The story behind this hack is that we needed time off. Both of us are working on long-term indie game projects, and we wanted to take a break from that and spend some time on something short and focused.

Our aim was to create something with rules as simple as a boardgame, but using computer simulation to allow for deep emergent behavior. From this, we designed the game around a single very simple mechanic: the players interact with the game purely by placing tiles, shaping the game world to direct and divert the creatures that inhabit it. While players win the game by having their minions destroy their opponent, they cannot interact directly with either.

Finding a theme fitting and informing this mechanic proved tricky, but sometime around midnight we settled on awakened malevolent gods, and adapted the programming and created art assets to fit.

In terms of tech, we built the game using Scala and libGDX, and that worked well for the task. libGDX provided what it promised in a straightforward manner, and Scala is a productive language. We also used Bfxr to generate sound effects.

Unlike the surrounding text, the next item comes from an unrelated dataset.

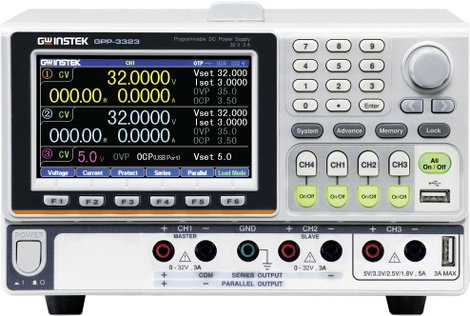 GW Instek GPP-3323 Labortápegység, szabályozható 0 - 32 V 0 - 3 A RS-232, USB Programozható Kimenete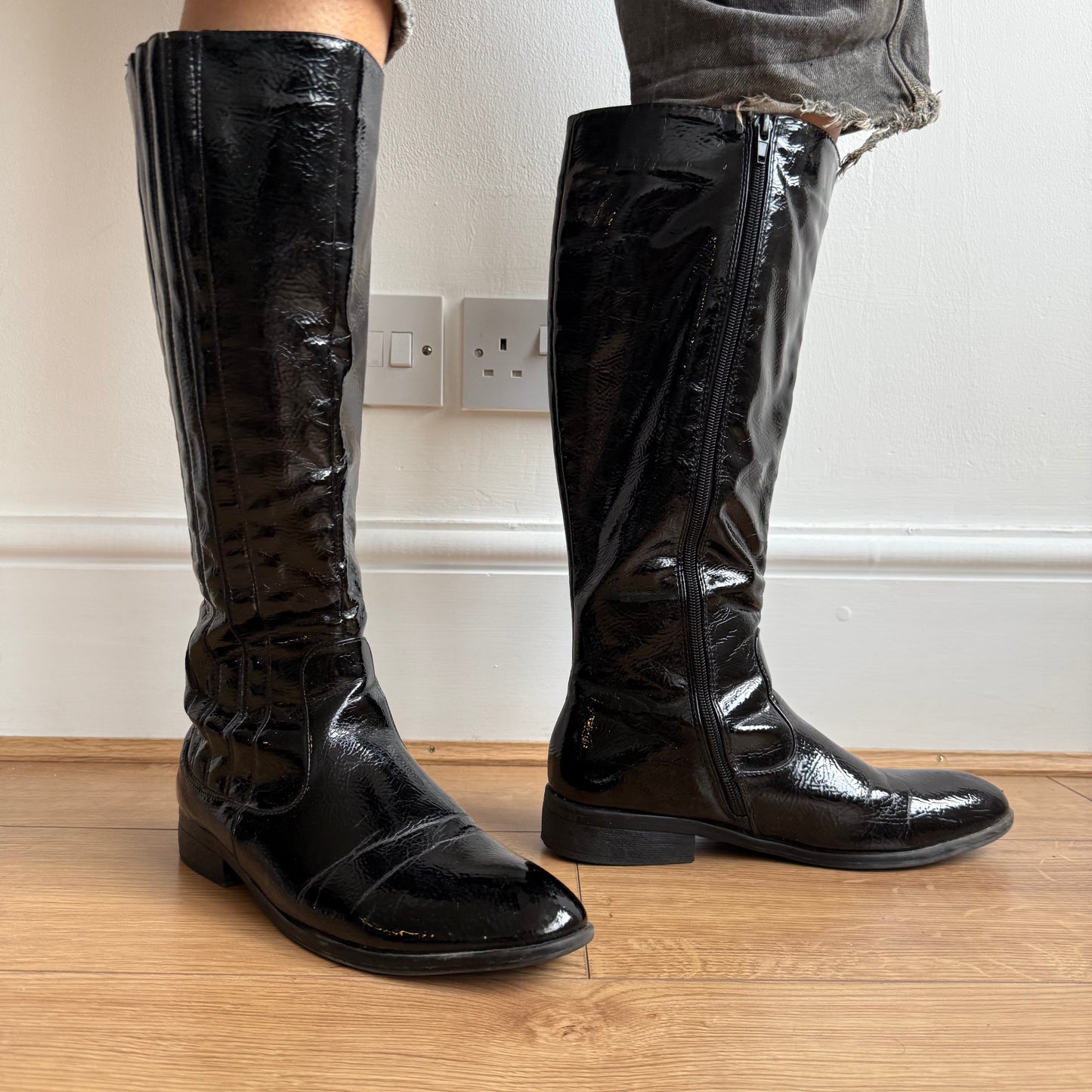 Black PVC boots - Size UK6.5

We're most proud of the emergent gameplay that we got to explore with this game, often being surprised by the interesting results of combined simple behaviors. The game is tile based, and only 9 minions can inhabit a tile at a time, this cap on density leads to a number of interesting and emergent phenomena that aren't immediately obvious. Minions can also ebb and flow around the terrain in a very fluid-like manner. Some end up being far more suited to cramped combat than others, and choosing the right kind of minion for the circumstances (by placing tiles) is crucial.